A Tale Of Two Queries


By: Allan Hirt on March 25, 2019 in Availability Groups, Transact-SQL

I teased this blog post a little while back at SQLBits, but I’m finally getting a chance to finish this blog post. No stale, scheduled content here – it’s always hot off the presses.

Anyway, at Bits I did a few sessions, one of which was on AG and FCI troubleshooting (I’m also doing one tomorrow night at Boston SQL). As I was putting the talk together, one of the things I came up with was around endpoints for AGs. How an endpoint is fully configured is not exposed in SSMS, but you can query SQL Server’s dynamic management views (DMVs) which is easy enough if you know what you are looking for.

I did some of the initial documentatio for Microsoft a few years ago for distributed availability groups. Since its publication, Microsoft has opened it up and anyone can suggest edits/comments via GitHub. So far so good – all of this plays into the bigger story.

Flash back to last summer. I saw this on Twitter from Glenn Berry which spawned into a whole thread (and to see the whole thread, click on the date)

When I wrote that documentation (and it was before 2018, if you care about such things), I used … gasp … a WHERE clause, not JOIN ON syntax. I’ve always written queries like that going back to the 90s. The gist of that thread was that some preferred the “newer” syntax like INNER JOIN, and subsequently, had the query changed to show that. You get the same results, but whatever. I didn’t take it personally and the thread was good natured.

Before you all start screaming at me they are right (no, they were not … more on that in a minute): yes, I’m old. Discrete math was a required course for me for my Computer Science degree. It wound up being fate that things like sets, joins, etc., became the foundation for my career. I’m not ignorant. These days I’m much more of an infrastructure guy, but I do write infrastructure-related queries (hence the AG stuff).

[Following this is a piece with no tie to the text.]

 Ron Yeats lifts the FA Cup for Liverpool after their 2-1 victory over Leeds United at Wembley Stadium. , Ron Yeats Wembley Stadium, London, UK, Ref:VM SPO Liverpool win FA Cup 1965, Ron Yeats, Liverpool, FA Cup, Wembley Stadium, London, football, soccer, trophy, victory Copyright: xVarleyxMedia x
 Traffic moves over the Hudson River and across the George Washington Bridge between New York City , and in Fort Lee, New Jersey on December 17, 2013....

Pedro Lopes who is now on the SQL Server dev team wrote the blog post “T-SQL Misconceptions – JOIN ON vs. WHERE” which does a good job of explaining the “it depends” around the newer style of joins. Why link this article? Microsoft deprecated the OUTER JOIN operators in SQL Server 2008. Two other sources of information on this are here and here (the first is Ward Pond’s old technet blog, and sadly will probably go away soon). If you’re keeping score at home, WHERE clauses are not deprecated except if you’re using *= and =*). The changes people made were wholly unnecessary and as the author, the newer stuff is harder to decipher than what I originally did. They were putting their own biases onto things.

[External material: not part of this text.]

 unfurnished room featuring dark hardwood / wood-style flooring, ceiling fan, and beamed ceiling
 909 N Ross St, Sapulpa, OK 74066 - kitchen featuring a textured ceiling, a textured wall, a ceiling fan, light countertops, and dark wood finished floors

As an experiment, I wrote the endpoint DMV query in two variants: my preferred way (WHERE clause) and with the JOIN ON syntax. First up is the query execution plan for the WHERE clause. Click to make it bigger.

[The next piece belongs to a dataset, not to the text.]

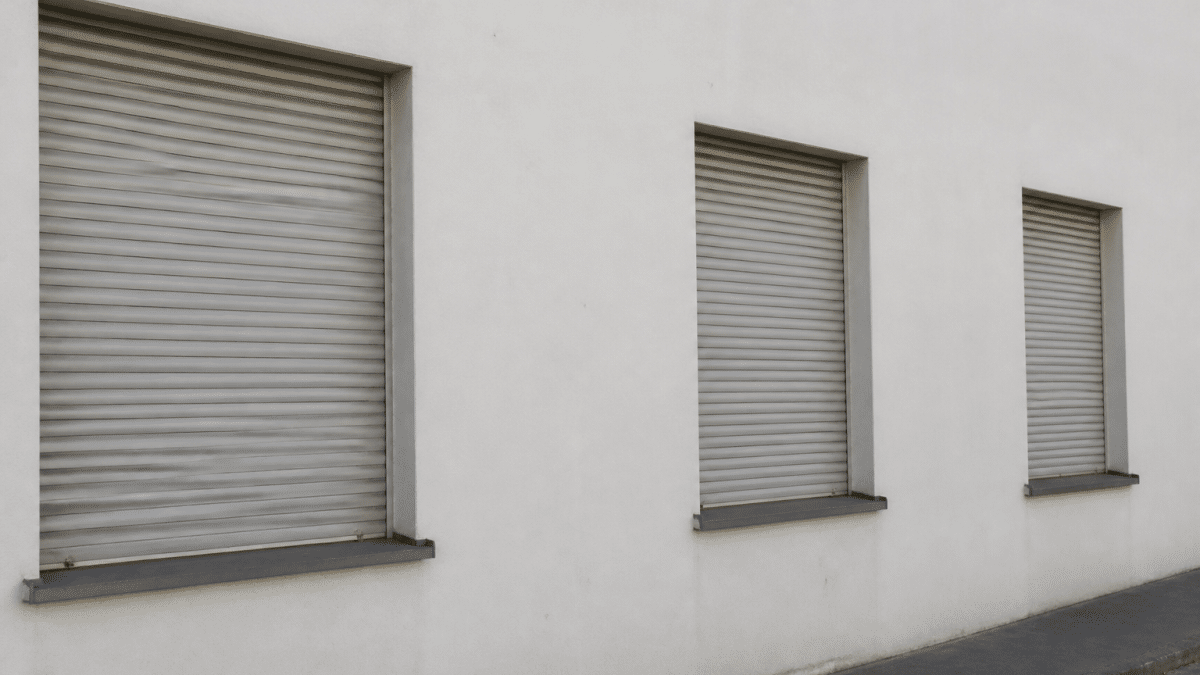 Plusieurs volets roulants fermes horizontalement sur facade blanche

Figure 1. Query using a WHERE clause

Next up is the INNER JOIN

Figure 2. Query using a INNER JOIN clause

Spoiler alert: they have the same execution plan. There is no difference between

Figure 3. The actual WHERE clause

and

Figure 4. The actual INNER JOIN clause

From a results standpoint, you get the same output. In other words, zero difference all around.

Preferences are just that. Preferences. Don’t foist them on others. Deal?